Who can possibly trust this prosecutorial reform? The public is increasingly suspecting the plan to establish a new investigative body for senior public servants is an attempt by the president to wield influence on the prosecution. They are also suspecting that the redistribution of the investigative powers between the prosecution and the police is aimed at strengthening the police because it is easier for the administration to control.

Prosecutorial reforms of the Roh Moo-hyun administration produced an undeniable outcome — the warrant deliberation system. It is equally applied to all people. A judge meets a suspect and hears the argument under this system, and the number of wrongly detained suspects has decreased. Arrests, which weaken suspects’ defenses, are noticeably reduced, and human rights naturally improved. A reform of the criminal justice system is a good thing for everyone. But it should be separated from the Cho crisis.

A similar situation took place in Japan, and it was handled in the opposite way. Justice Minister Katsuyuki Kawai’s wife was elected to the Upper House in July. But the media reported an allegation that she paid 13 campaign staff more than what was allowed by law. A possible link to the minister was also raised. Kawai tendered his resignation on Oct. 31, the day after the report.

“I made the decision, after consulting with my wife, because public trust in the judicial administration must not be lost even for one minute or one second,” he said.

Prime Minister Shinzo Abe also issued an apology. “I offer a sincere apology to the people. I appointed Kawai to the ministerial post. I share my responsibility,” said Abe. His attitude was completely different from Moon’s.

When the abuse of power scandal by her confidante Choi Soon-sil was reported, President Park Geun-hye shed tears and apologized. But her apology lacked sincerity and specifics, and she was forced out of the Blue House.

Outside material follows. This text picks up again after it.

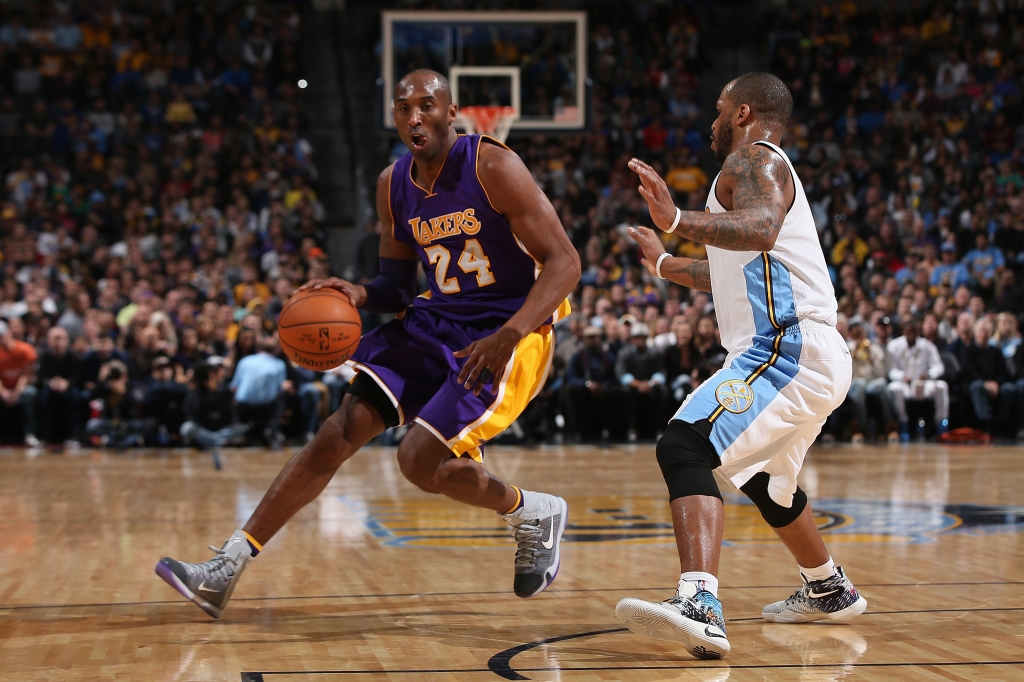 DENVER CO DECEMBER 22 Kobe Bryant #24 of the Los Angeles Lakers controls the ball against Jameer Nelson #1 of the Denver Nuggets at Pepsi Center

If Moon continues to ignore the people, he will end up denying clause 1 of Article 1 of the Constitution that defines Korea as a democratic republic. A first-term lawmaker of the ruling party who declared that he won’t seek re-election said the Cho crisis was “hell.” The people are about to take back the powers they delegated to the president.

Moon must return to his initial beliefs. He must admit he is responsible for everything because he appointed Cho as minister. That is the only way to comfort the public. The nightmare that shook the country has not ended yet.